EXTRACTED DATA
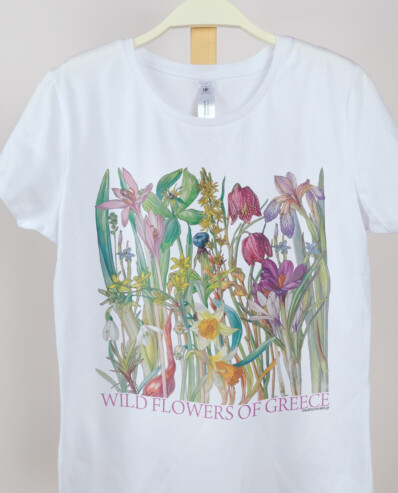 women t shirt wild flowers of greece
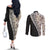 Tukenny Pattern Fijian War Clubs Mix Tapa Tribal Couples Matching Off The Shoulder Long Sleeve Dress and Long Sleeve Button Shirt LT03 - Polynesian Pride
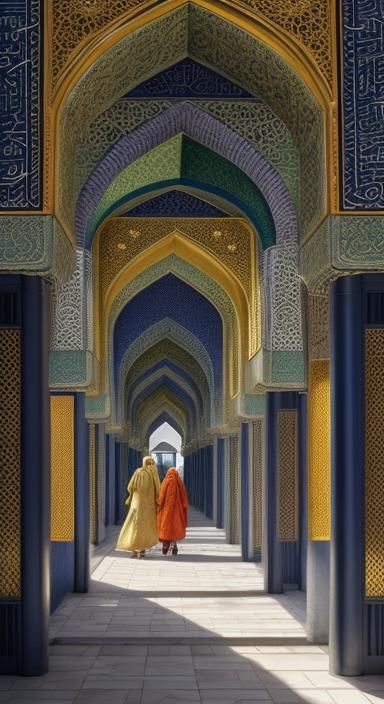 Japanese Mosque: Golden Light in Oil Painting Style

...

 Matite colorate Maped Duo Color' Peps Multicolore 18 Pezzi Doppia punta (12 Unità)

--

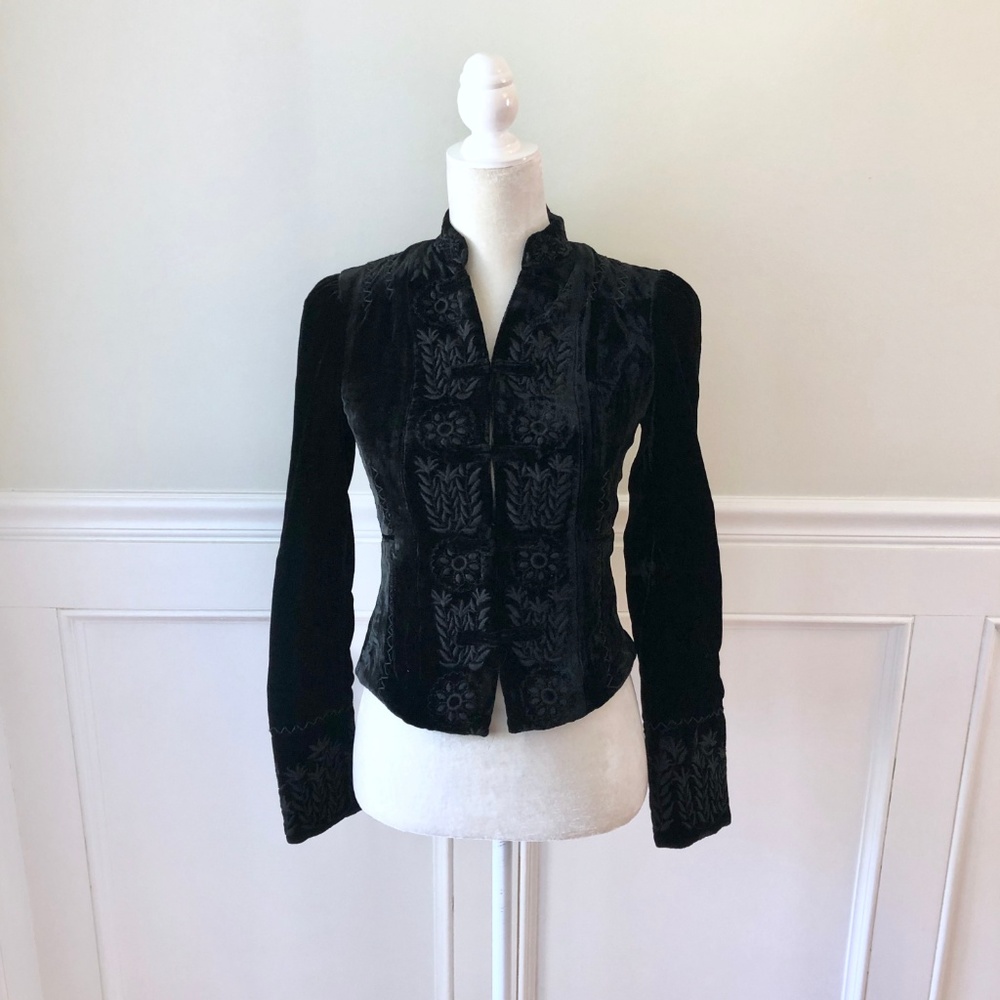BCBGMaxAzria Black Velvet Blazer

EXERCISE
From the line holding "Tukenny Pattern Fijian" to the line holding "Japanese Mosque: Golden", both included, retype the entries above exactly and drop the pictures.

RESULT OF THE EXERCISE
 Tukenny Pattern Fijian War Clubs Mix Tapa Tribal Couples Matching Off The Shoulder Long Sleeve Dress and Long Sleeve Button Shirt LT03 - Polynesian Pride
 Japanese Mosque: Golden Light in Oil Painting Style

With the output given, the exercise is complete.